For someone starting late, the key message is simple: do not tap the savings pot for non-emergencies. Every rand you withdraw is taxed and reduces your final retirement outcome.
The SASSA Older Persons Grant safety net
The SASSA Older Persons Grant, often called the state pension, is available from age 60 to any South African citizen, permanent resident or refugee who passes a means test:
- The grant is R2,400 a month for under-75s and R2,420 a month for those 75 and older, as at 2026. Grants are increased periodically, so confirm the current amount at sassa.gov.za.
- A means test applies to income and assets. The exact thresholds change, so confirm the current means test at sassa.gov.za rather than relying on a figure that may be out of date.
- Apply at your nearest SASSA office or at services.sassa.gov.za. The SASSA toll-free line is 0800 60 10 11.
A worked example
Priya is 52, self-employed as a tiler, earning roughly R18,000 a month. She starts contributing R3,000 a month to an RA, which is well within her 27.5 percent deductible limit. Her taxable income drops by R3,000 a month, saving her tax at her marginal rate, so the R3,000 going into retirement savings costs her noticeably less than R3,000 in cash out of pocket. The exact saving depends on her marginal rate, so she works the precise numbers with her tax practitioner. The principle holds: the tax deduction makes every rand of RA contribution cheaper than it looks.
Common mistakes
- Deciding it is too late at 50. Fifteen years of disciplined contributions plus the grant safety net is a real plan. Doing nothing is the only true dead end.

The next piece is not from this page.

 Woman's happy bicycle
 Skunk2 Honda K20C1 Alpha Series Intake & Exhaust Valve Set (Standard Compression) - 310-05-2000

- Raiding the savings pot. Every withdrawal is taxed at your marginal rate and shrinks your retirement. Leave it alone unless it is a genuine emergency.
- Trusting a rule-of-thumb growth figure. Projections are illustrative. Get a registered financial planner's numbers before you commit to a plan.
- Assuming the grant alone will be enough. R2,400 a month is a floor, not a comfortable retirement. The RA is what lifts you off the floor.